---------- Exercise data

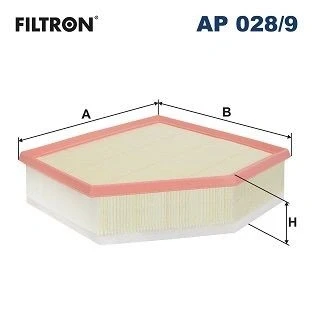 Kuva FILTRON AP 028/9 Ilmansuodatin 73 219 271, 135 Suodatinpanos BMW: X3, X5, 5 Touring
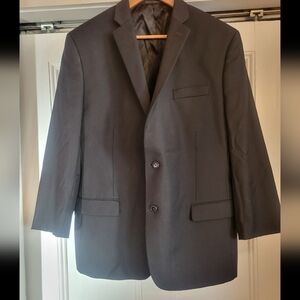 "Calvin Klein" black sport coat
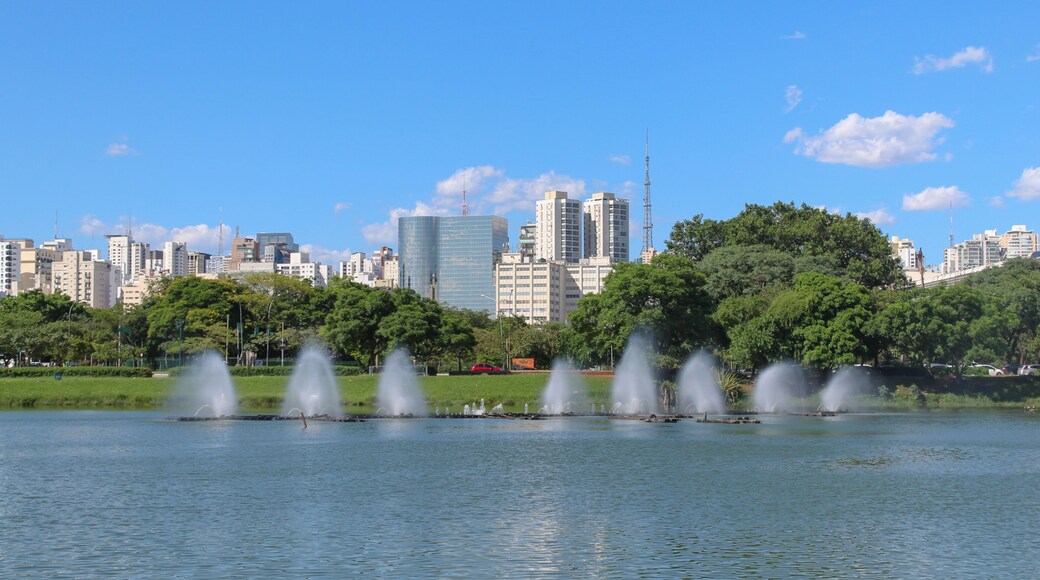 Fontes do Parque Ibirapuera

--------------------

> Task statement:
Print the material above verbatim, no images.

> Result:
 Kuva FILTRON AP 028/9 Ilmansuodatin 73 219 271, 135 Suodatinpanos BMW: X3, X5, 5 Touring
 "Calvin Klein" black sport coat
 Fontes do Parque Ibirapuera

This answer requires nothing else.